# Task item
Only what runs from the line with "Audi A6 2025 S Line" to the end of the data should appear in the answer, exactly as written and without pictures.

Records below:

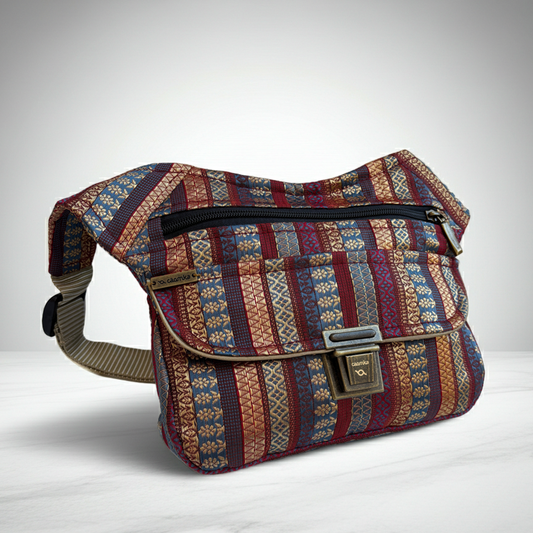 Riñonera "Special Elegant India" · Pieza única Núm. 18785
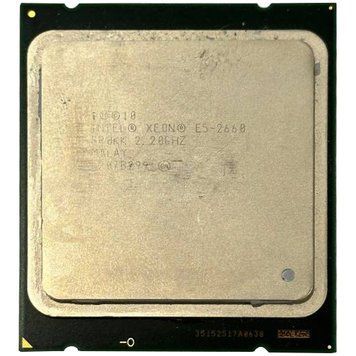 Б/у Процессор Intel Xeon E5-2660 (20 МБ кэш-памяти, тактовая частота до 3,0 ГГц) 845sdvwe32rdfsdf23f1edw
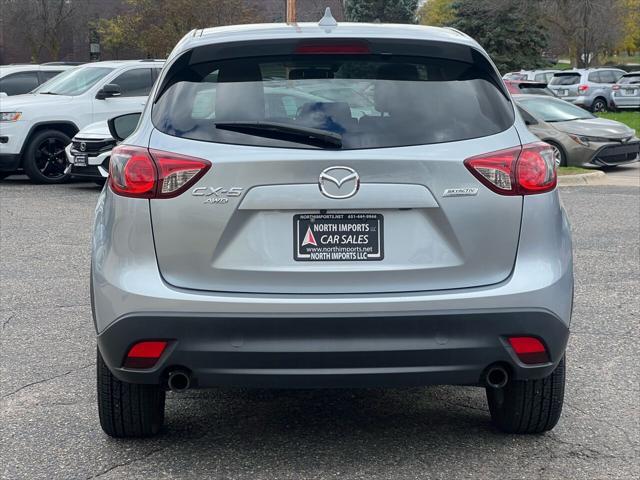 2016 mazda cx-5 grand touring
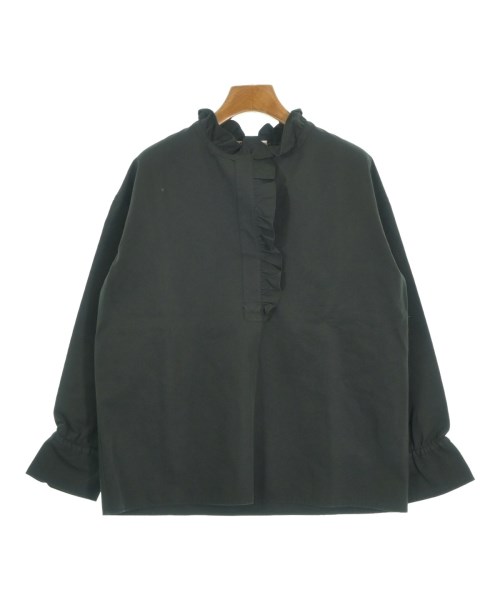 Atlantique Ascoli(アトランティックアスコリ)ブラウス グレー サイズ:1(S位)/2200647123058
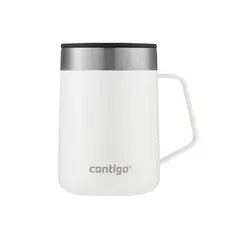 CONTIGO - Streeterville Tazón Térmico Acero Inoxidable 414ML - Salt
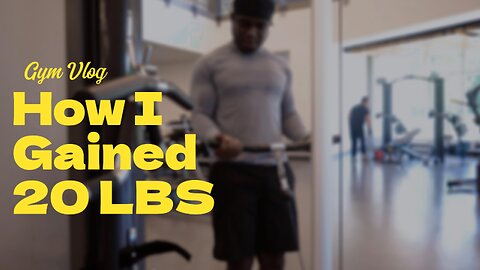 I gained 20 Lbs...(disappointing)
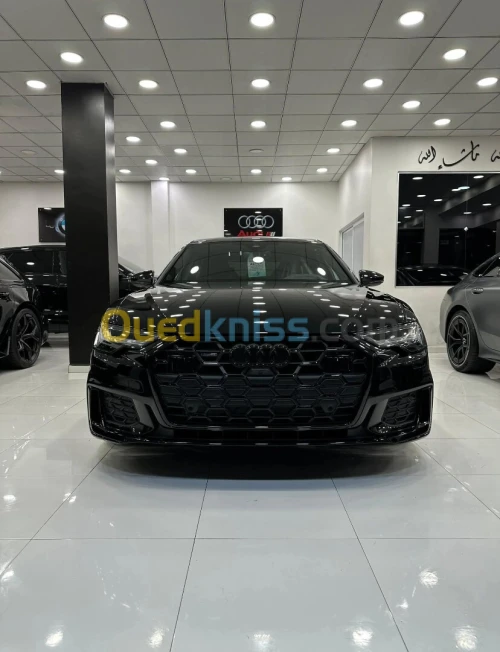 Audi A6 2025 S Line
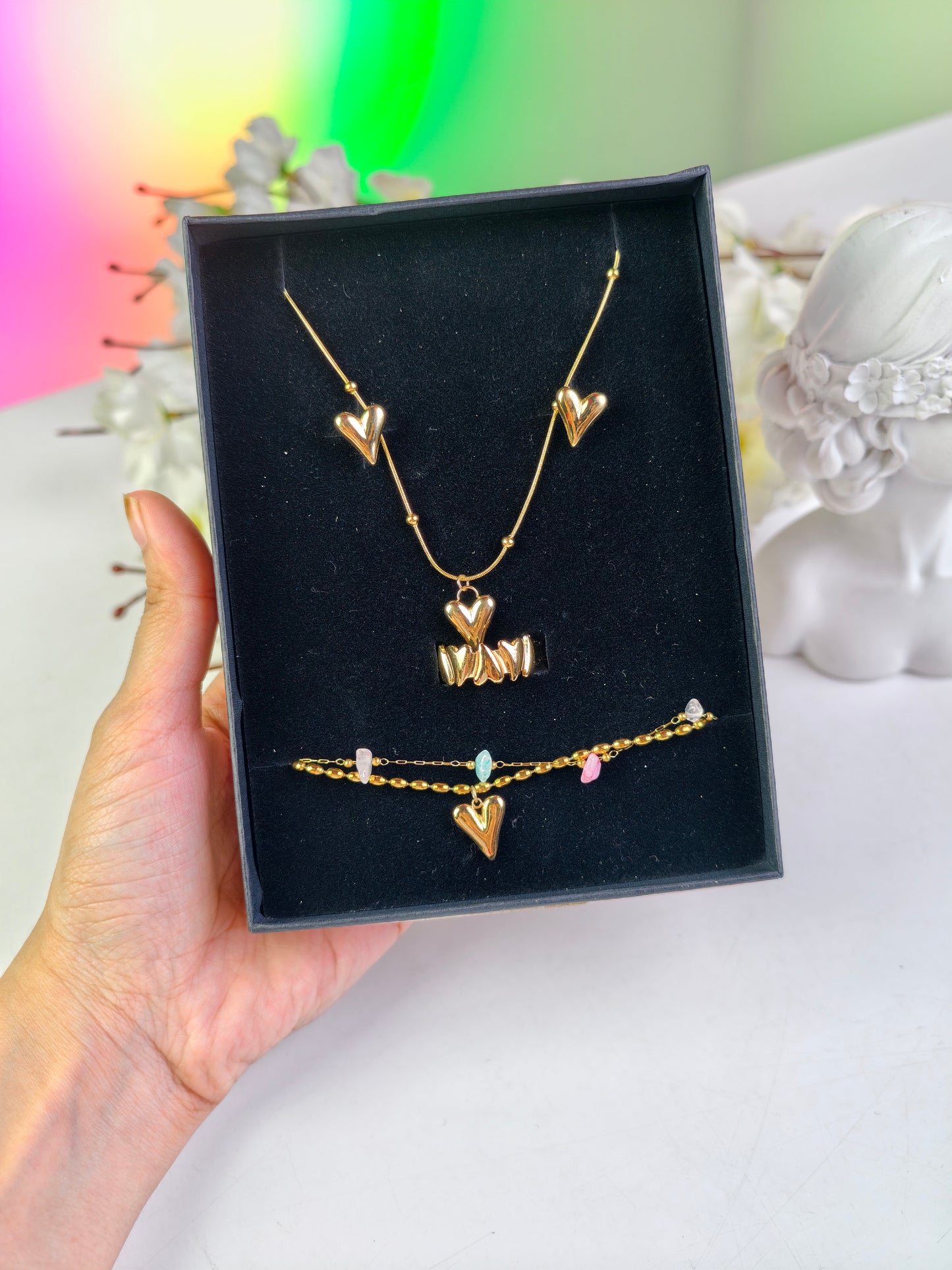 Cherish Set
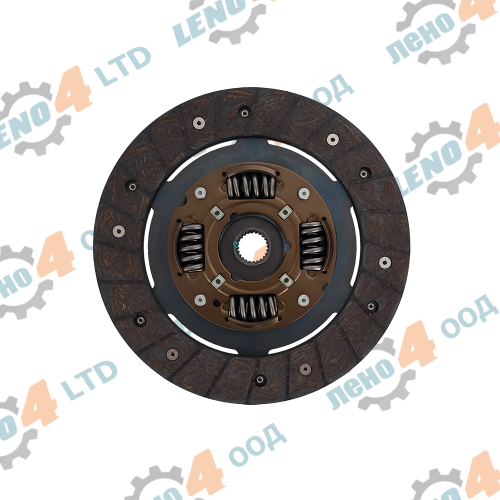 EU - ФЕРОДОВ ДИСК ЗА VW GOLF I GOLF II GOLF III JETTA I JETTA II VENTO CADDY I SCIROCCO 1.6 - 1.8 ДИЗЕЛ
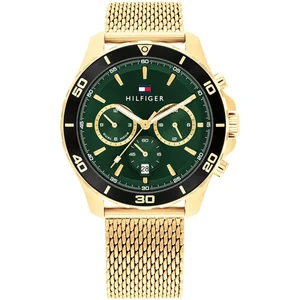 Montre - Acier Or - Tommy Hilfiger - 1792093 pas cher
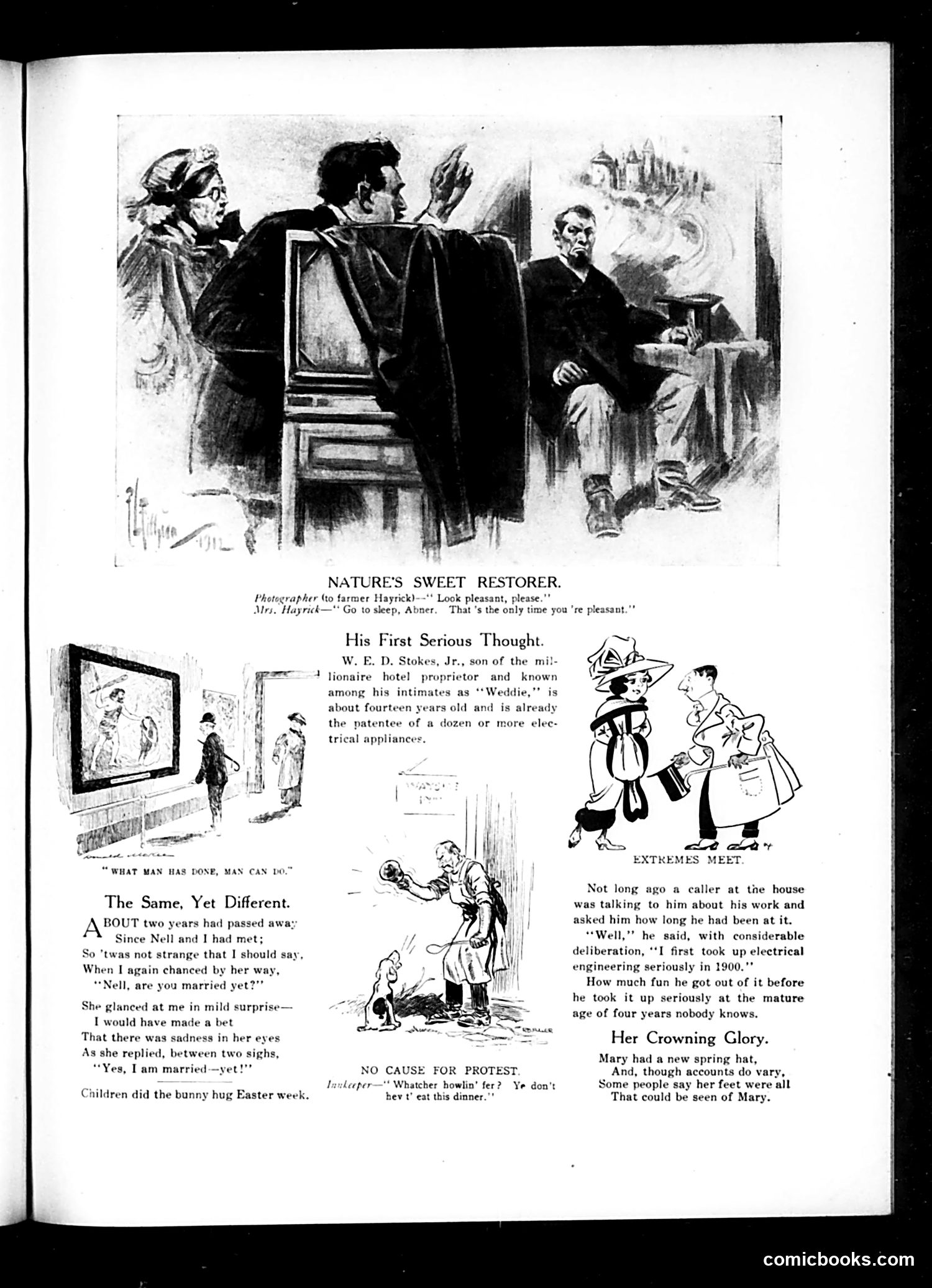 Judge — April 27, 1912 — page 7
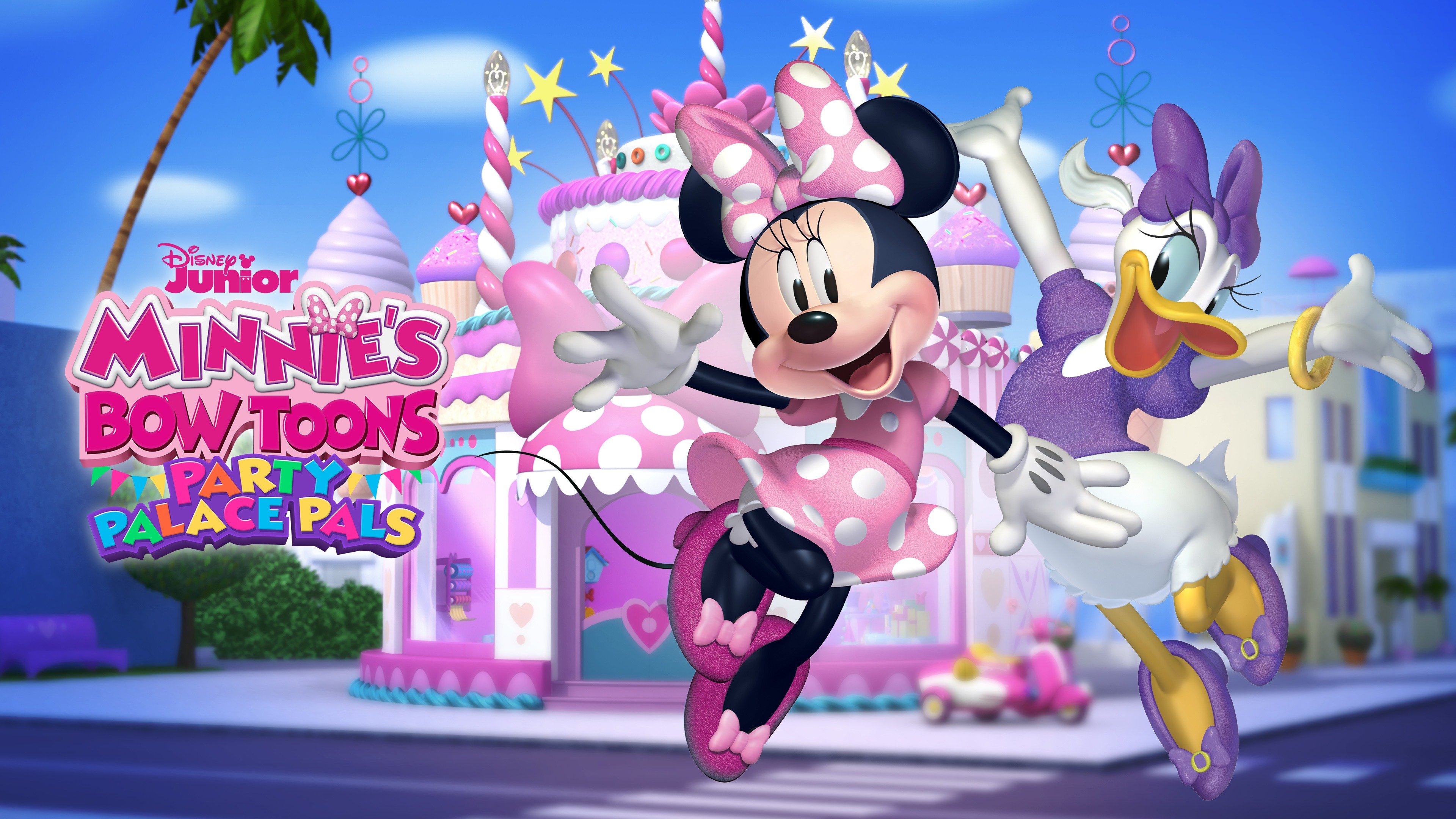 Watch Minnie's Bow-Toon's: Party Palace Pals · Season 2 Full Episodes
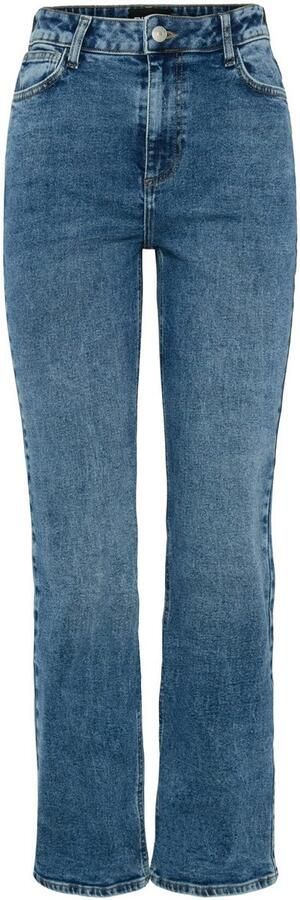 Pieces Straight jeans PCKELLY HW STRAIGHT JEANS MB402 NOOS BC - Foto 10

End of Records.

# Response to this task
 Audi A6 2025 S Line
 Cherish Set
 EU - ФЕРОДОВ ДИСК ЗА VW GOLF I GOLF II GOLF III JETTA I JETTA II VENTO CADDY I SCIROCCO 1.6 - 1.8 ДИЗЕЛ
 Montre - Acier Or - Tommy Hilfiger - 1792093 pas cher
 Judge — April 27, 1912 — page 7
 Watch Minnie's Bow-Toon's: Party Palace Pals · Season 2 Full Episodes
 Pieces Straight jeans PCKELLY HW STRAIGHT JEANS MB402 NOOS BC - Foto 10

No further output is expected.